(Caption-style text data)
____________

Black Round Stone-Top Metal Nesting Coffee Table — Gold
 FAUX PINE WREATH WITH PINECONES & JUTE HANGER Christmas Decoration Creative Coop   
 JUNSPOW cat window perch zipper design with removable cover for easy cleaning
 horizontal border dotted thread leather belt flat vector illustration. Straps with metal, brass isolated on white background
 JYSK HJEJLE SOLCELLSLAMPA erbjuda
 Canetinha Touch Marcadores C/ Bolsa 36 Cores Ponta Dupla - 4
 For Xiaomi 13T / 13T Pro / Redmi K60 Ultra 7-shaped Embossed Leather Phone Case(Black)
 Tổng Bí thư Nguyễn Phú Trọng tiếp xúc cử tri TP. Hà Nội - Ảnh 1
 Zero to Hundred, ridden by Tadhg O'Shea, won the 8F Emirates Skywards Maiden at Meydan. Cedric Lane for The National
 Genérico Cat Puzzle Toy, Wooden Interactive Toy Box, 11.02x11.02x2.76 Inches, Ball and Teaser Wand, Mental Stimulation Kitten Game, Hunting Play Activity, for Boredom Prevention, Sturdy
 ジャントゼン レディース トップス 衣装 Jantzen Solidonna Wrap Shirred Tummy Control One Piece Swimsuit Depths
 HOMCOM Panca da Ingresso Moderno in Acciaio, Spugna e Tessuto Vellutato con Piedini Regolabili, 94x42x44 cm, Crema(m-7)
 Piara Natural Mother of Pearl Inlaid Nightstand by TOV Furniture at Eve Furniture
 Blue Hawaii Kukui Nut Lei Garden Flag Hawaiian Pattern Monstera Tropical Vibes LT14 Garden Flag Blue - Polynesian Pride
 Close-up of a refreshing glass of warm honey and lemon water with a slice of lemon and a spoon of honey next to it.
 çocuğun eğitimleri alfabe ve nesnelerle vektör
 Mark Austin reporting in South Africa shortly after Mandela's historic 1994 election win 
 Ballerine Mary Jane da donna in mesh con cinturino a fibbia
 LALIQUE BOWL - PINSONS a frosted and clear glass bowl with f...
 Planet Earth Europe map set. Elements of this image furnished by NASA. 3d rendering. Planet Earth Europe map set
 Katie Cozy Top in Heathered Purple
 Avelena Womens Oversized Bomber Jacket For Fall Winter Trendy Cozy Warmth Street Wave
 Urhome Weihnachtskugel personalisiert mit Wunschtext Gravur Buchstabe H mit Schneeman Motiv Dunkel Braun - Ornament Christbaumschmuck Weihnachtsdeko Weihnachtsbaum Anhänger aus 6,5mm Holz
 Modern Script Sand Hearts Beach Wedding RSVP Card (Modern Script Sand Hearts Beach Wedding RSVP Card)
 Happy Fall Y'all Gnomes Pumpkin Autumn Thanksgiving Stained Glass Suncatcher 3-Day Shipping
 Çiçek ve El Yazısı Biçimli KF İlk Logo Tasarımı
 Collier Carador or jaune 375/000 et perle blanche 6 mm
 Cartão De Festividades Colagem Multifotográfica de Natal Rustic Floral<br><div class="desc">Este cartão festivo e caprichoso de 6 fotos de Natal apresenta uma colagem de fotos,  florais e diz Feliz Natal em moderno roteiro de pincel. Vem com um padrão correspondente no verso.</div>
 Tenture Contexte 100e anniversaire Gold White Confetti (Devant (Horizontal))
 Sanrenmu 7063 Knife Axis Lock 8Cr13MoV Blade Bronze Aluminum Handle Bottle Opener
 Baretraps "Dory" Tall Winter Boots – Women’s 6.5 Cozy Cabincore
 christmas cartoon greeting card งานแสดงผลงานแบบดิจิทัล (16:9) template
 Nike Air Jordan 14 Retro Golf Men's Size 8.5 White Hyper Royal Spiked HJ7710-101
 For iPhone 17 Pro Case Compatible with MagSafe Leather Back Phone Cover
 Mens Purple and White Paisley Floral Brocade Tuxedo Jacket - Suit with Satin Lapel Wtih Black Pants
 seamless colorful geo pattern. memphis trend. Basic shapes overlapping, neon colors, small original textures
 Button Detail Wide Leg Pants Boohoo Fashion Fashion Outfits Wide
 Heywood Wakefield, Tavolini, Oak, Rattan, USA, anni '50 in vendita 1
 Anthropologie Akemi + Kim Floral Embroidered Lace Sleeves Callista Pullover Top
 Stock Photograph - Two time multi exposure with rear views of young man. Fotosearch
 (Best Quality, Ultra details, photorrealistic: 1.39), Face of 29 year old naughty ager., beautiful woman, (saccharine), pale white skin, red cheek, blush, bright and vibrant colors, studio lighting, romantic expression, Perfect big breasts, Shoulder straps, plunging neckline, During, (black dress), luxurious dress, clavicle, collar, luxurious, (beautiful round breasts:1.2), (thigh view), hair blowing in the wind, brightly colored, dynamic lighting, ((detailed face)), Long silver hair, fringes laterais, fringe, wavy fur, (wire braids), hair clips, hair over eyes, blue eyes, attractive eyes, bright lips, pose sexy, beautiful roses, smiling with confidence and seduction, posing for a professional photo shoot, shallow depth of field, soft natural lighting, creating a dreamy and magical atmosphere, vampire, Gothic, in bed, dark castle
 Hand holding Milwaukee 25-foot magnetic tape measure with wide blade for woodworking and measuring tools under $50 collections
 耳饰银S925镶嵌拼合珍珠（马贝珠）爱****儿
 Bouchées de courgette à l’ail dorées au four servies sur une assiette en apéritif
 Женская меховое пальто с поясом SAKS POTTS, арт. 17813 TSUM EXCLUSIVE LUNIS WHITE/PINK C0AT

____________

**WHAT THE TASK ASKS**
Please copy the lines above from the line with "çocuğun eğitimleri alfabe" up to and including the line with "LALIQUE BOWL - PINSONS", exactly as written and with nothing else.

**TASK RESULT**
 çocuğun eğitimleri alfabe ve nesnelerle vektör
 Mark Austin reporting in South Africa shortly after Mandela's historic 1994 election win 
 Ballerine Mary Jane da donna in mesh con cinturino a fibbia
 LALIQUE BOWL - PINSONS a frosted and clear glass bowl with f...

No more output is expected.